Century Link Keynote: James Fege, VP of Network Strategy & Development

CenturyLink is counting on its Savvis acquisition to make them hugely successful in cloud computing and to build a “cloudified” telco DC for traditional network services.   Acquired in 2011, Savvis is a separate vertical entity within CenturyLink (which includes the former Embarq, U.S. West, Qwest and other companies. CenturyLink has successfully integrated the cloud orchestration and software development of Tier 3, and the platform-as-a-service capabilities of AppFog in their cloud computing capabilitites). 

According to Feger,  “Cloud is not ‘rust resistant.’  It must be: programable, self-service, and offer on-demand services.” 

The CenturyLink Cloud process and operations involve the following attributes:

  • Agile methodology
  • 21- to 30-day release cycles
  • DevOps team2
  • Minimum viable product (not explained)
  • Building block architecture which is API based
  • Constant feedback to improve operations and services

Note 2:    While network operations is traditionally a stand-alone function with dedicated staff, the DevOps model eliminates the hand-off from development to operations, keeps the developers in the feedback loop, and incentivizes developers to resolve problems or complications on their own instead of passing them to the Operations department. 

The realization of the above cloud attributes is via open applications programming interfaces to software that exists above the physical network.  Open source software will allow developers to offer their apps or services regardless of the underlying infrastructure, Feger said.  He was firm in his view that “agility combined with our network platform is CenturyLink’s differentiator.” 

Feger was quite honest during his talk.  He confessed that the service cycles on the network side are still measured in months, not weeks or days. By incorporating the agile technology approaches of the CenturyLink Cloud and the use of a DevOps model, CenturyLink hopes to improve on that.  But not this year or next.

“It will be a multi-year project to migrate our network to a cloud like set of capabilities, while minimizing (existing) customer disruptions.”

The take away here is that CenturyLink is attempting to leverage their highly regarded cloud capabilities to offer “cloud-like” L1 to L3 network services, e.g. IP MPLS VPN, Ethernet services, private line (e.g. T1/T3/OC3), broadband Internet access, video, and other wire-line services.   Service delivery times must become a lot shorter, while programmability, orchestration, and automation are necessary components to make this happen.  

Orange Keynote:  Christos Kolias, Sr.
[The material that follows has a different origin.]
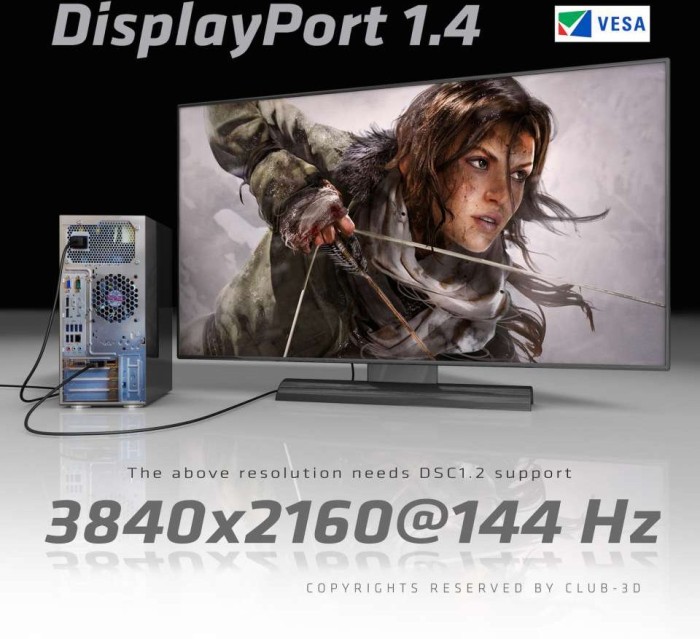 Club 3D DisplayPort 1.4 przewód HBR3 8K czarny, 4m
Research Scientist, Orange – Silicon Valley

Christos first described the the NFV Concept and Vision from his perspective as a founding member of the ETSI NFV specifications group.  It’s a quantum shift from dedicated network equipment to” virtual appliances.”

In the NFV model, various types of dedicated network appliance boxes  (e.g. message router, CDN equipment, Session Border Controller, WAN acceleration, Deep Packet Inspection (DPI), Firewall, Carrier grade IP Network Address Translation (NAT), Radio/Fixed Access Network Nodes,  QoS monitor/tester, etc.) become “virtual appliances,” which are software entities that run on a high performance compute server. 

In other words, higher layer network functions become software based virtual appliances, with multiple roles over the same commodity hardware and with remote operation possible.  “It’s a very dynamic environment, where (software based) network functions can move around a lot.  It’s extremely easy to scale,” according to Christos.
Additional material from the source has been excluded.